I hate it when people assume that just because you're endorsed with a company it means that you get everything for free. NOT true! You're lucky if you get the occasional free (MAYBE custom) guitar or whatever but usually it's just a big discount on things.


----------



## Skanky (Oct 17, 2010)

Regardless of how the guitar was acquired, whoever stole it is a complete douchebag loser and deserves WHATEVER punishment is doled out to him when he gets caught.
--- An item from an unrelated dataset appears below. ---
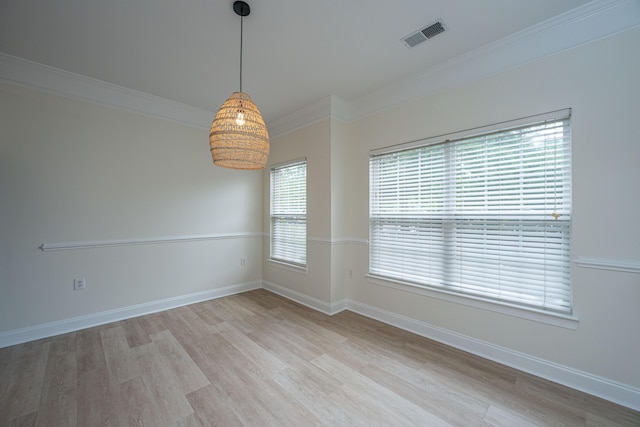 spare room with light wood-style floors, baseboards, ornamental molding, and visible vents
Theives are the scum of the earth.


----------



## HighGain510 (Oct 17, 2010)

Guitarholic said:


> I posted this in another thread (Jake's LACS) but I want to say it again:
> 
> It's not like these LACS guitars, or any piece of gear for that matter, fall from trees. It's difficult enough to survive as an artist/musician even without people stealing all your stuff. Whoever stole Devin's guitar is a huge jackass.
> 
> ...



Yep, and it's not like reporting it stolen to Ibanez is going to make them go "No problem boss, we'll get another LACS built for you this week!" They're not really known for kicking out LACS stuff on the chop chop....   Anything being stolen sucks, but stuff that is not easily replaced is just brutal, I really feel for Devin.


----------



## HighGain510 (Oct 17, 2010)

envenomedcky said:


> I need to file a police report but I'm honestly a little unsure on how to do it, I've never been in this situation before. Still no luck



Arg, definitely should have called them on the night it happened but what you need to do RIGHT NOW is call the cops local to the area (Syracuse or the specific town you were in when you had the gig) and file the report ASAP. They would have sent a cop to the venue to fill out the police report but if you're not there anymore I'm sure they would do it over the phone. You REALLY need to do it right away though man, the longer you wait the harder it will be for them to do anything. If you haven't reported it as stolen to the police and it turns up there isn't as much that they can do for you.


----------



## DevinShidaker (Oct 17, 2010)

Yeah, I definitely won't be getting another LACS from them. I'm not high enough on the endorser list to really get one, I just kind of lucked out getting it. I hope whoever has it is at least taking care of it. If I get it back and it's beat up I'm going to kill somebody.


----------



## DevinShidaker (Oct 17, 2010)

HighGain510 said:


> Arg, definitely should have called them on the night it happened but what you need to do RIGHT NOW is call the cops local to the area (Syracuse or the specific town you were in when you had the gig) and file the report ASAP. They would have sent a cop to the venue to fill out the police report but if you're not there anymore I'm sure they would do it over the phone. You REALLY need to do it right away though man, the longer you wait the harder it will be for them to do anything. If you haven't reported it as stolen to the police and it turns up there isn't as much that they can do for you.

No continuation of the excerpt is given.